Trim / Top a Citrus Tree
It is always suggested to keep citrus trees at a height for easy harvesting. Overall size is up to you. Container trees are going to be smaller and pruning is done to shape and keep the tree in a visually presentable form.
For Container Citrus Trees
Pruning tree branches from container trees is a visual approach. Tree branches sometimes have a mind of there own and can run wild if you don’t help guide them where you might want them to be. A suggestion is to prune in a fashion that keeps the canopy of the tree in a consistent shape. Don’t worry if larger branches have to be removed… Just remove one and let growth fill in before removing another. Over the course of time you will be able to shape your tree just like you want.
Remove sprouts at the base of the tree. Sprouts, sprigs or suckers should generally be removed from the trunk of the tree. These generally happen below the union where a specific variety of citrus is placed on a rootstock at the nursery. Removing these sprigs assures that your tree stays the variety it was budded to be. In addition there is no need to grow something you don’t want. Most suckers are of a sour variety and not desirable. In some cases though, rooted cuttings are of the same variety and sprouts from the base are desirable when it comes to bushing citrus plants.
For Large Dooryard Trees
You can trim and prune trees any time of the year. Heavy cutting back is best done in February right before the spring flush and bloom. When you do heavy trimming this time of year look to remove damaged and broken branches as they will not be able to hold fruit over the extended amount of time for ripening. You are better off to remove the branch and help the tree focus on sizing fruit that will hold and ripen on the tree.
Another thing to look for are crossing branches on the inside of the canopy. These crossing branches can be removed to allow for fruiting limbs to get the amount of ventilation and light needed for vigorous growth. Sparingly is the suggestion if you are concerned with removing to many branches. One here and there is the best bet.
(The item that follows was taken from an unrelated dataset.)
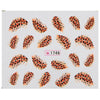 50pcs Stylish Art Tips Feather Water Transfers Nail Sticker for Ladies
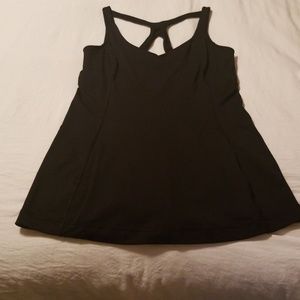 Black workout top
Diseased branches should be removed as disease can spread to other parts of the tree if not removed. A good way to look at removing diseased branches is that you are taking a preventative approach to helping your tree live healthy.
Skirting a tree is common. What this means is that you are trimming the bottom branches to create a specific height from the ground. It also removes branches that may break due to weakness under heavy load, and keeps your fruit off the ground and away from critters.